Below are the records; print exactly the lines from the one with "カワヤナギ 23654371" through the last, both included, and leave the pictures out.

Records from a data source
------------------------------------------------------------

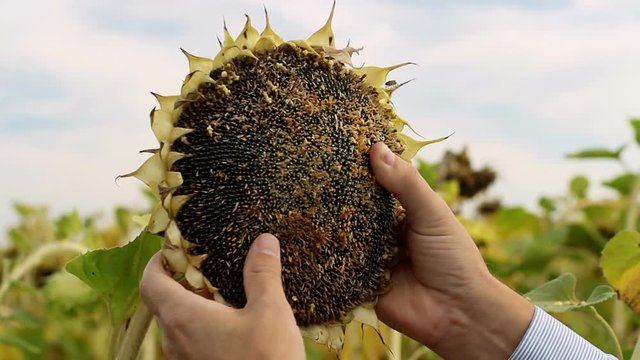 Agronomist examining sunflower head in the field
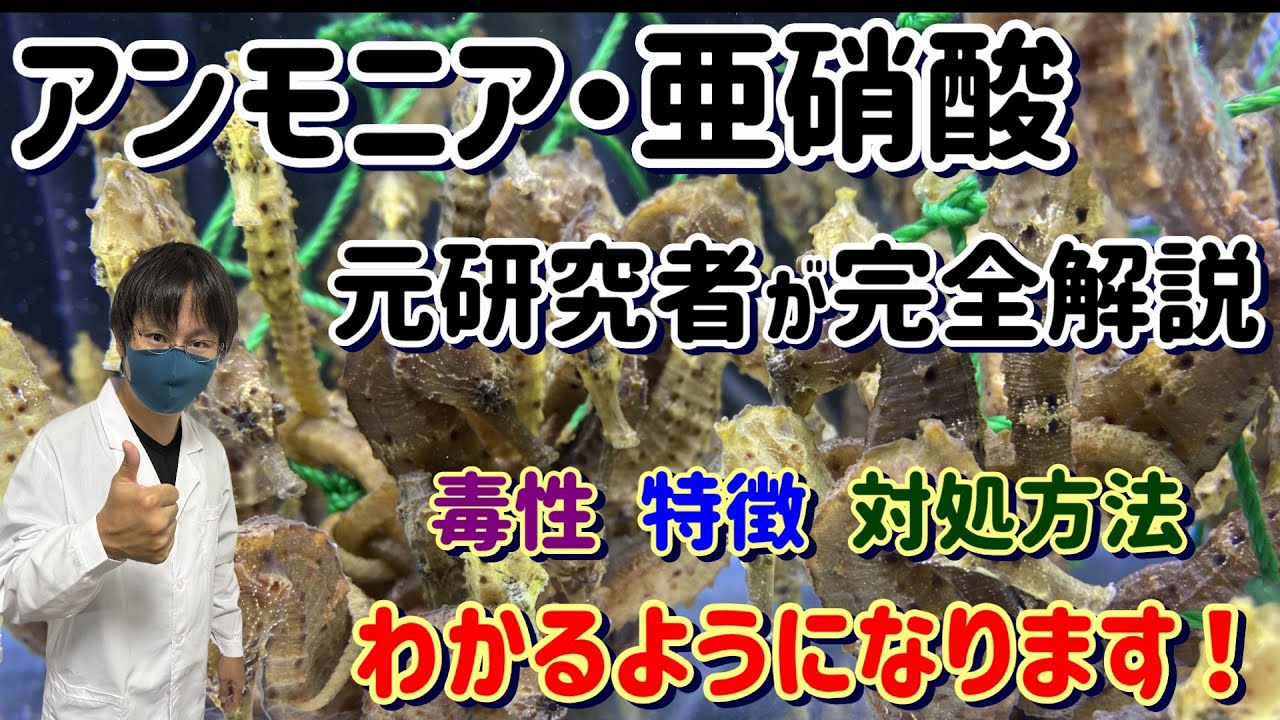 【アクアリウム】元研究者がアンモニア・亜硝酸について毒性や特徴、対処方法を詳しく解説します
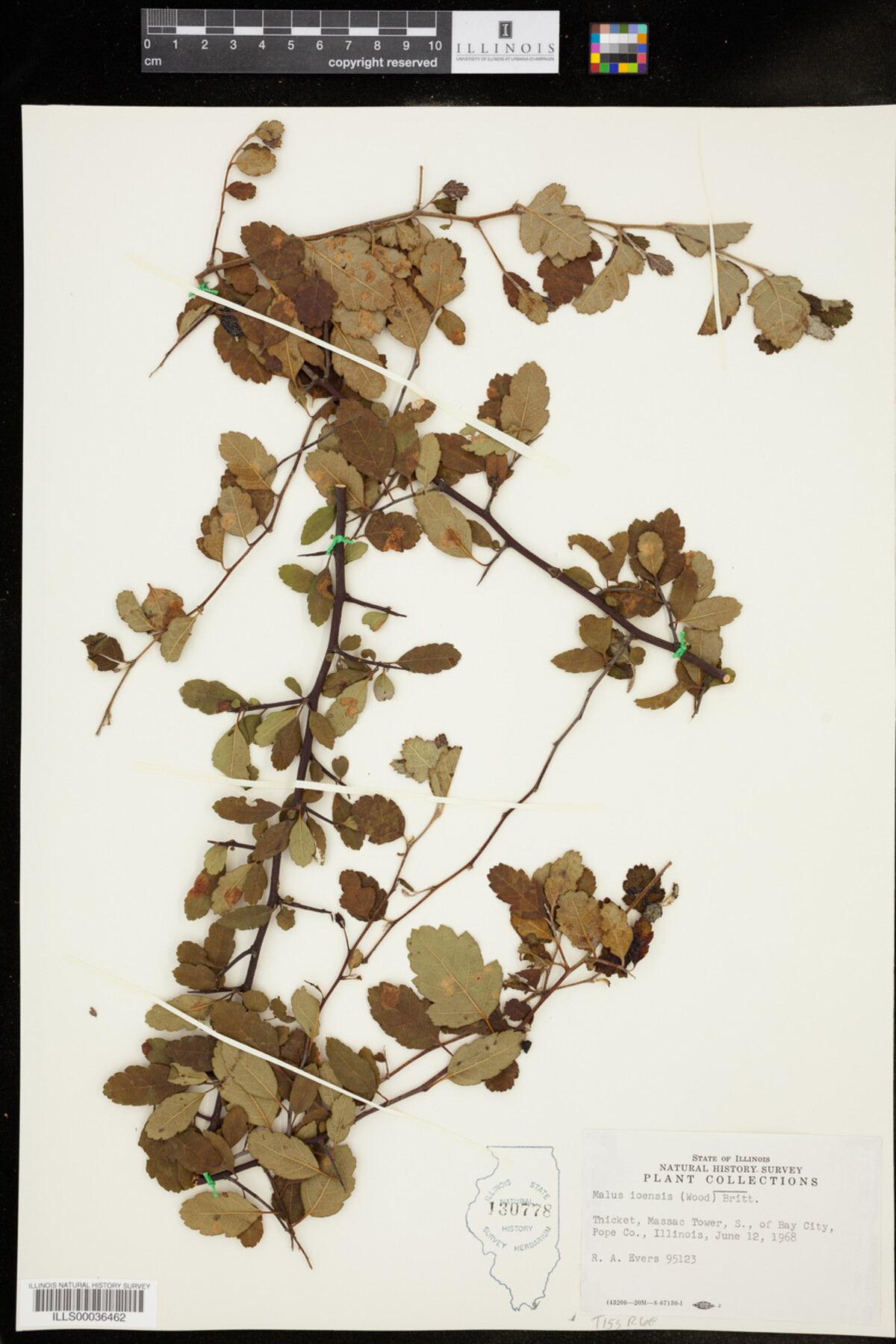 Malus ioensis image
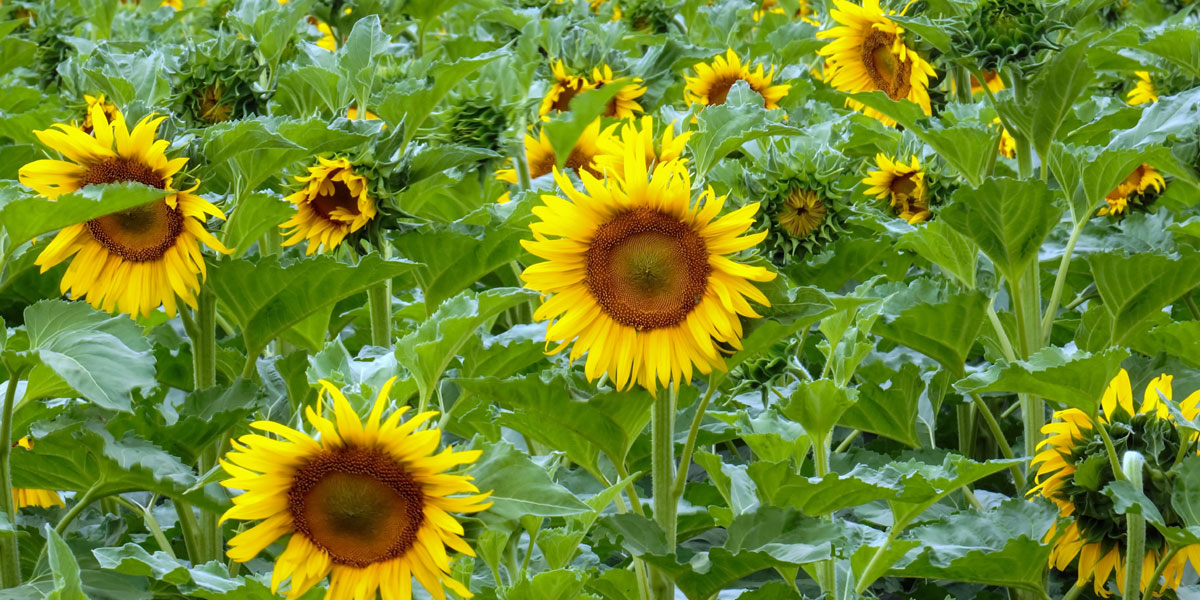Top 10 Summer-Season Flowers for Indian Agro-Climates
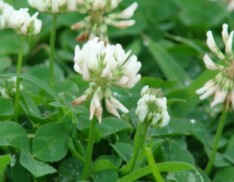 Ladino Clover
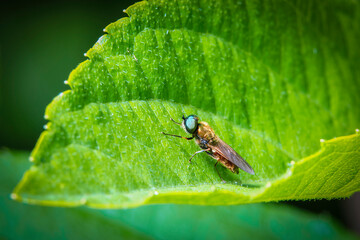 Macro photography. A fly on a green leaf.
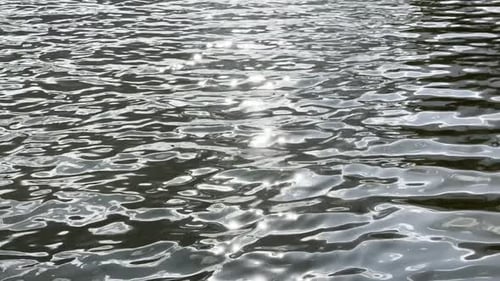 Scenery Surface of Pond Illuminated By Sun at Summertime Calm View on Sea with Small Waves at Sunny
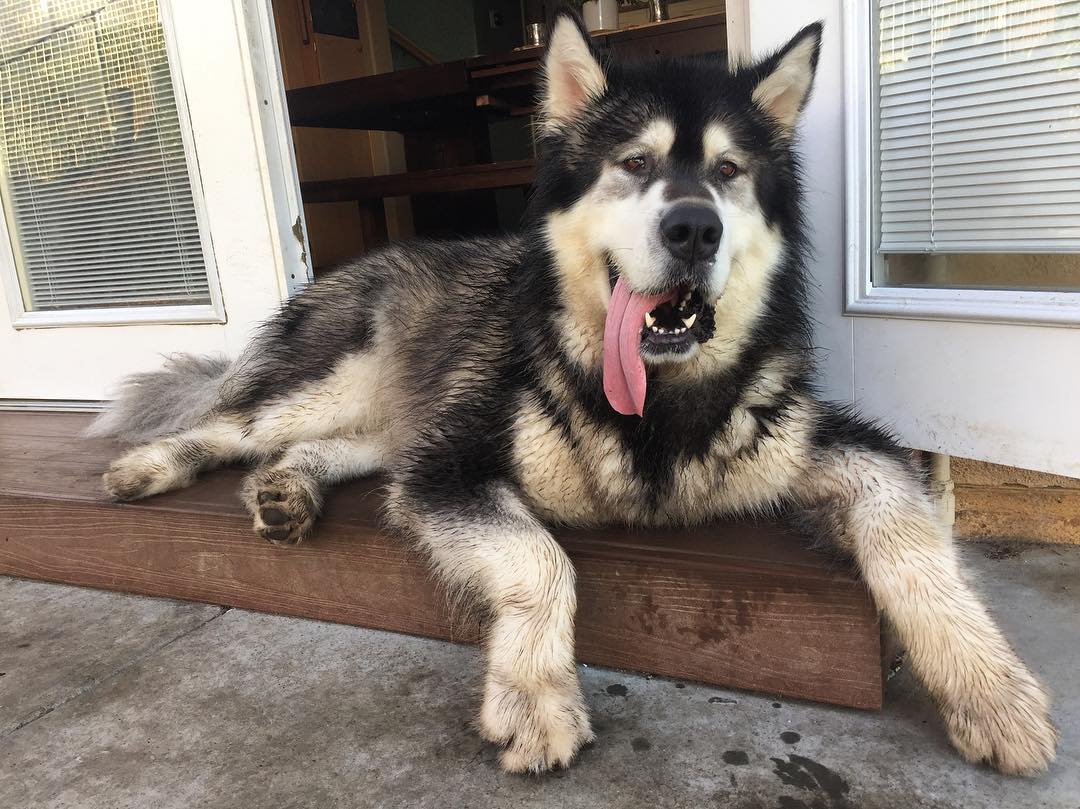 Meet Grizzly, The Giant Malamute - PlayJunkie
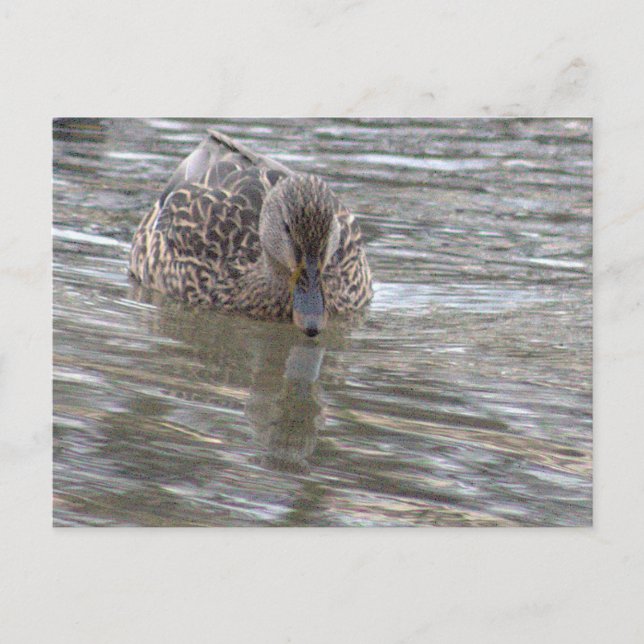 Carte postale photo Duck (Devant)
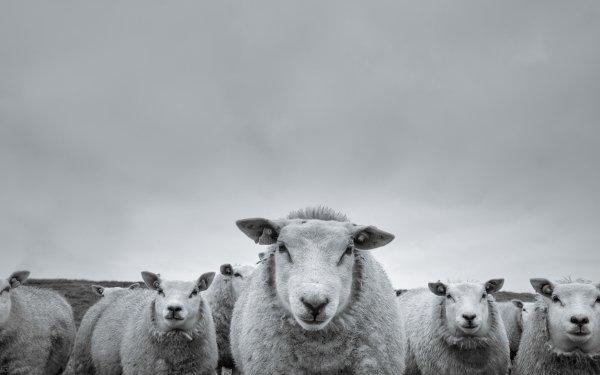 Animal Sheep Black & White Stare HD Wallpaper | Background Image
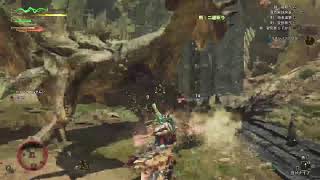 リオレイアを極めよう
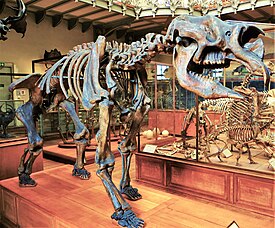 Скелет дипротодона Diprotodon australis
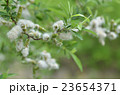 カワヤナギ 23654371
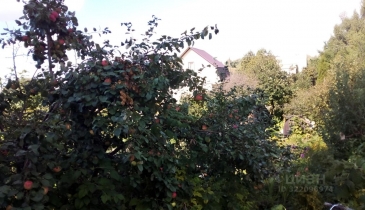 г. Омск,  дп. сдт Кировец-2 (КАО)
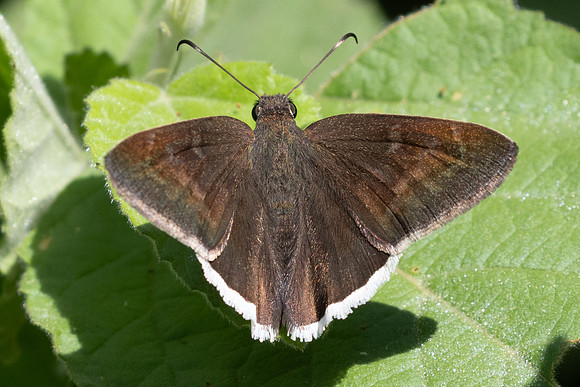 Achalarus toxeus-1475 - Barichara - 8/06/24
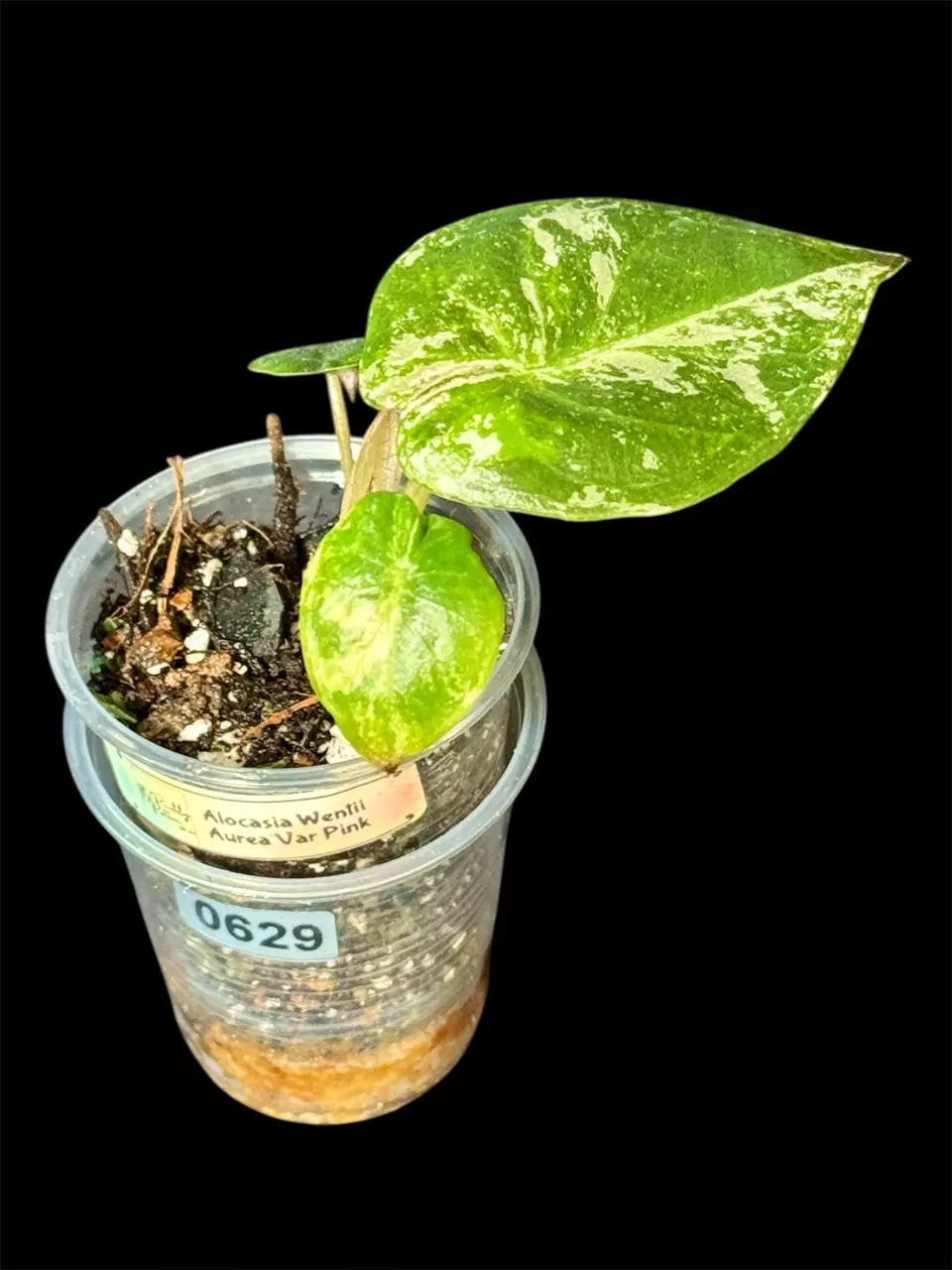 plant/629 Wentii Variegated Pink Albo Alocasia-4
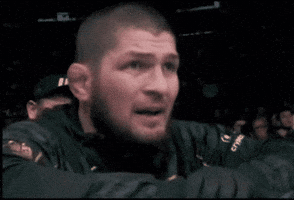Khabib Nurmagomedov Wow GIF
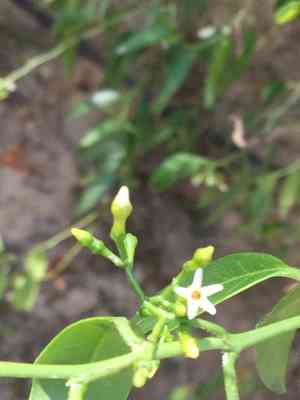 Tear shrub(Vallesia glabra)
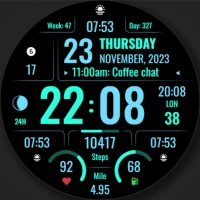 WFP 316 Info Mod Watch Face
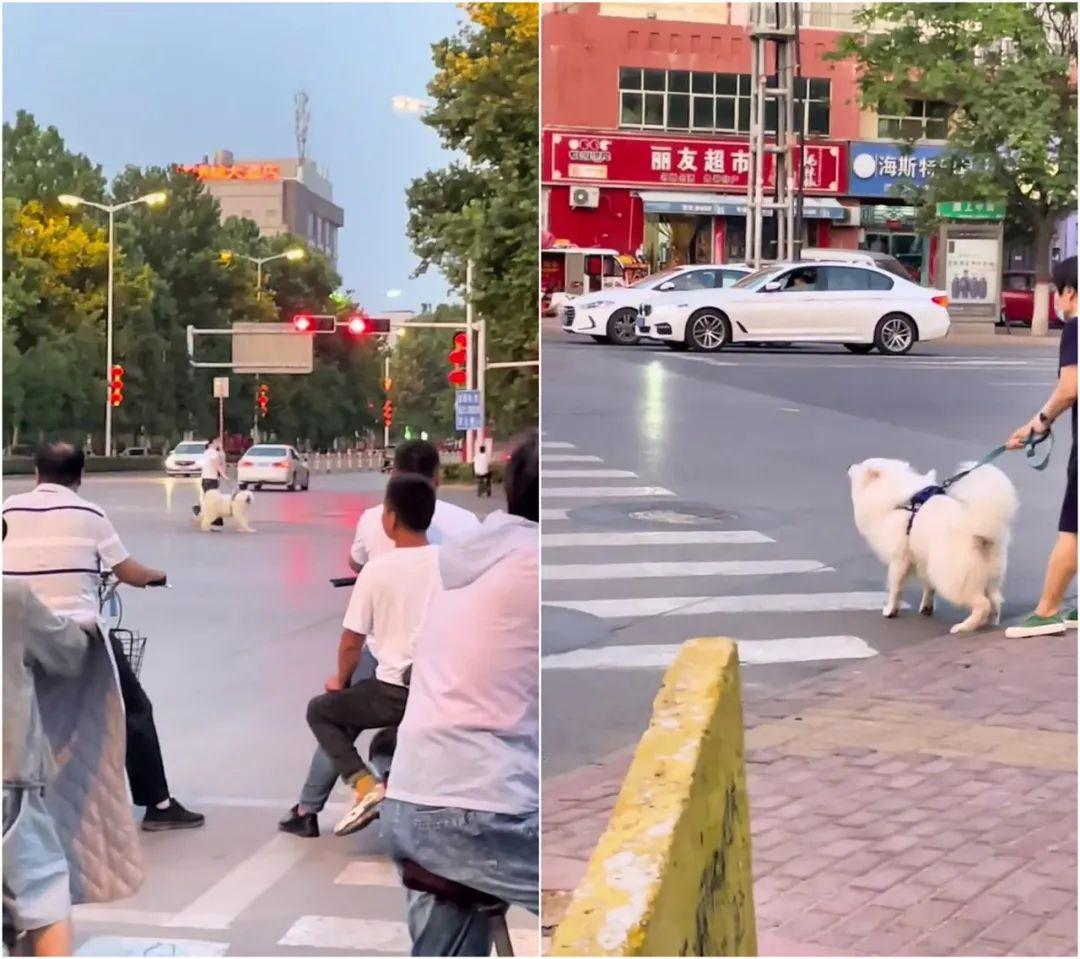 2013年农历日历该怎么用才不翻车？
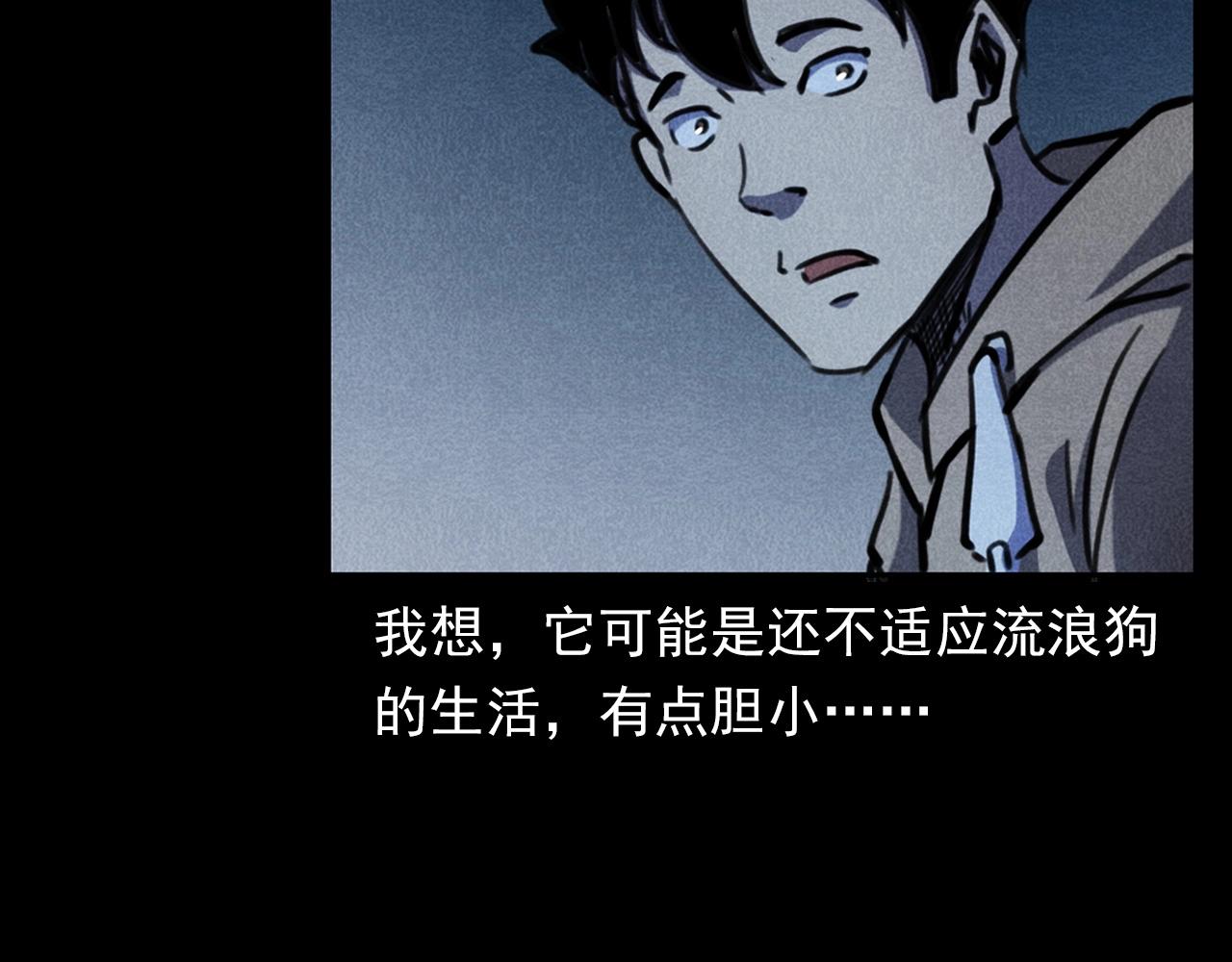 🍛枪爷异闻录 第352话 流浪狗 第18页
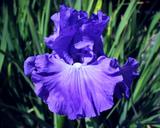 Thunder Quay - tall bearded Iris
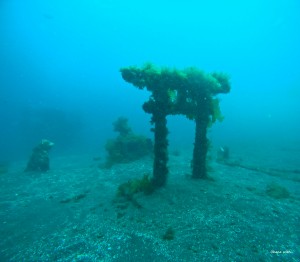 GOPR0238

------------------------------------------------------------

FINISHED EXERCISE.
 カワヤナギ 23654371
 г. Омск,  дп. сдт Кировец-2 (КАО)
 Achalarus toxeus-1475 - Barichara - 8/06/24
 plant/629 Wentii Variegated Pink Albo Alocasia-4
Khabib Nurmagomedov Wow GIF
 Tear shrub(Vallesia glabra)
 WFP 316 Info Mod Watch Face
 2013年农历日历该怎么用才不翻车？
 🍛枪爷异闻录 第352话 流浪狗 第18页
 Thunder Quay - tall bearded Iris
 GOPR0238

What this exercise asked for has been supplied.